[[ Dataset excerpt open ]]
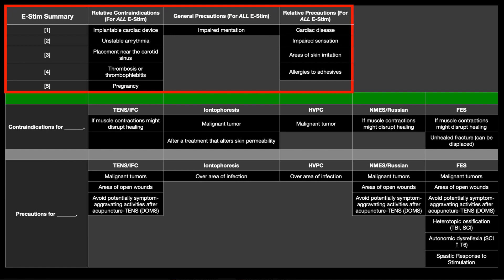What's important to understand here is that some of the contraindications and precautions — the ones here in this red box — are common to all of the E-STEM techniques. So these would be true for TENS, IFC, iontophoresis, high voltage pulse current, and electrical muscle stimulation. But down here at the bottom of the figure, some of these contraindications and precautions are unique to a particular technique. That's how we read this particular table.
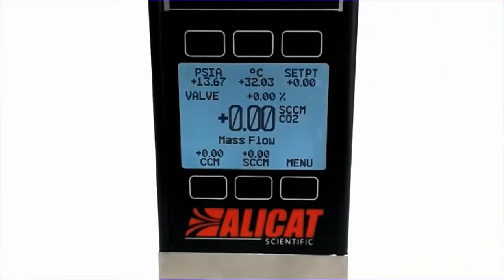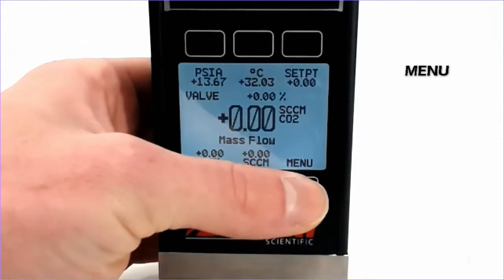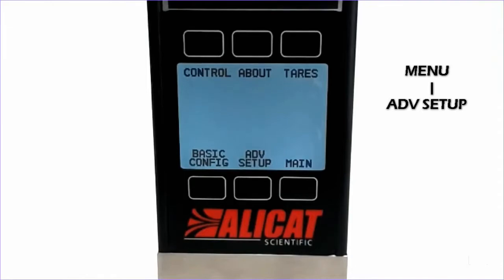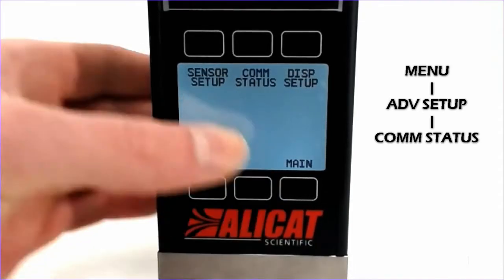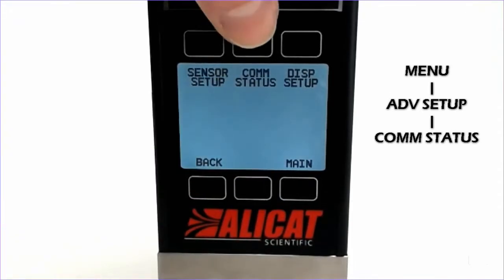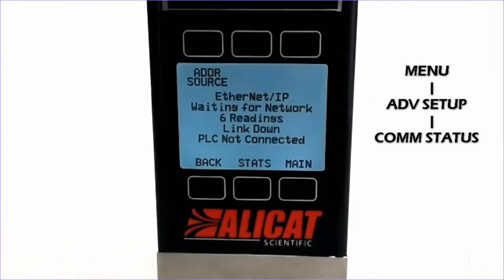Alicat devices configured with EtherNet/IP or other Ethernet-based industrial protocols will require an IP address in order to distinguish the device from other devices on the network. To adjust these settings we will go into Menu, Advanced Setup, and Comm Status at the top here.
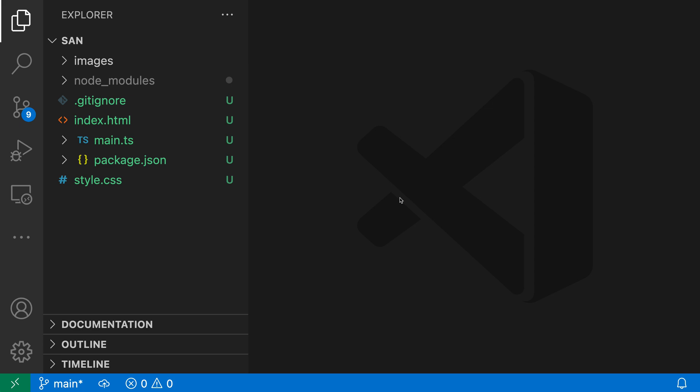File nesting in VS Code's Explorer lets you group related files together under a single top-level entry. This can be useful for hiding derived files, or just cleaning up the view of your workspace.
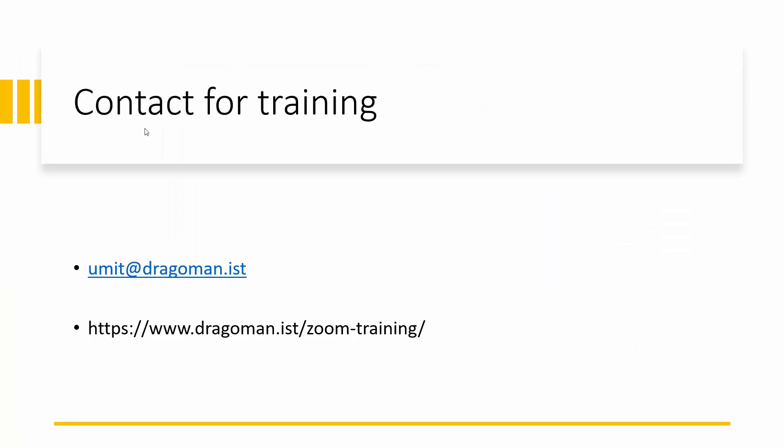Well, here you go. If you want to learn more about Zoom from one of the global experts like me or someone from my team, drop me an email or go to our website and schedule your session. Hope to see you in one of our trainings or in a meeting organized by Dragoman.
[[ Dataset excerpt closed ]]
Where the data contains an image, skip the image and copy everything else exactly as it appears.

What's important to understand here is that some of the contraindications and precautions — the ones here in this red box — are common to all of the E-STEM techniques. So these would be true for TENS, IFC, iontophoresis, high voltage pulse current, and electrical muscle stimulation. But down here at the bottom of the figure, some of these contraindications and precautions are unique to a particular technique. That's how we read this particular table.
Alicat devices configured with EtherNet/IP or other Ethernet-based industrial protocols will require an IP address in order to distinguish the device from other devices on the network. To adjust these settings we will go into Menu, Advanced Setup, and Comm Status at the top here.
File nesting in VS Code's Explorer lets you group related files together under a single top-level entry. This can be useful for hiding derived files, or just cleaning up the view of your workspace.
Well, here you go. If you want to learn more about Zoom from one of the global experts like me or someone from my team, drop me an email or go to our website and schedule your session. Hope to see you in one of our trainings or in a meeting organized by Dragoman.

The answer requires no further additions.